Abdelmoumni: In my view, the powers that be have greatly over-emphasised for their own ends the role played by Al Adl wal Ihsan. They have tried to discredit the movement and foment anxiety. I believe it's right that Islamists should be part of the movement, because our society is in the process of opening up to democracy and diversity.
The development we have seen since 20 February has been quite extraordinary. For the first time there is open debate about politics and religion, about Islam and the state, about the advantages and disadvantages of different systems of government. The Islamists are astonishingly open when debating with other groups, whether modernists, secularists, Marxists, socialists or Berbers. What we are experiencing here is democratisation within the different streams of political opinion.
But shouldn't we assume that the Islamists will try to instrumentalise leftists and secular parties for their political ends and that they will abolish democracy once they have gained power?
Abdelmoumni: They are in the process of adopting the concept of democracy. That does not mean that they are abandoning their strong conservatism or the discourse about identity.
But the political always has two levels: firstly, the level of projects and programmes, where the protagonists have to establish a clear image for themselves and compete with one another, and secondly, the "metapolitical" level, by which I mean that of fundamental political rules, such as the sovereignty of the people, the competition of ideas and programmes, the duty of accountability, the transfer of power, the separation of powers.
These rules are generally binding today, as are respect for constitutional rights and political confrontation by peaceful means. I understand that there are fears. But in my opinion, it is ridiculous to place more trust in a ruler who has abused his powers for decades than in these Islamists who have never been in power before.
What does this mean for the new government under Prime Minister Abdelilah Benkirane?
Abdelmoumni: The government now has to get a budget through parliament. Expenditure must be drastically reduced. This means that it will not be able to keep many of its election promises, such as the reduction of VAT on certain basic products, and it is possible that it will also have to cut subsidies. Another problem is that the Moroccan labour market is currently only able to absorb around 80,000 new workers per year, but every year there are another 250,000 school leavers in need of a job. When the moment of truth comes, people will take to the streets again. The people might then challenge the fact that political and economic power is concentrated in the palace.

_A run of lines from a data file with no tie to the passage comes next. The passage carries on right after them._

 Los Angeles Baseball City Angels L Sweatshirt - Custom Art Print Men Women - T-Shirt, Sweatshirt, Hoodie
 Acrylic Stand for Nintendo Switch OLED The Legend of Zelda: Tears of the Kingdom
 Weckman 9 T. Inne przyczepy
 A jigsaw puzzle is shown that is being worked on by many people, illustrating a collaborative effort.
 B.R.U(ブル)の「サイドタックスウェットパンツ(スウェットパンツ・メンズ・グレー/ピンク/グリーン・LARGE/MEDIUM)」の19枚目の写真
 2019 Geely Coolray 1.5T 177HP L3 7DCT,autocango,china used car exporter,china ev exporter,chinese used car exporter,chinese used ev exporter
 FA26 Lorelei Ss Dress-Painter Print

Interview conducted by Martina Sabra
© Qantara.de 2011
Fouad Abdelmoumni is a freelance expert for finance, economics and development in North Africa. From 1997 to 2010, he was the director of the micro-credit agency AMANA. He is also a leading member of the Moroccan Association for Human Rights (AMDH) and co-founder of the Moroccan NGO think-tank Espace Associatif. He was imprisoned for two years for political reasons under Hassan II.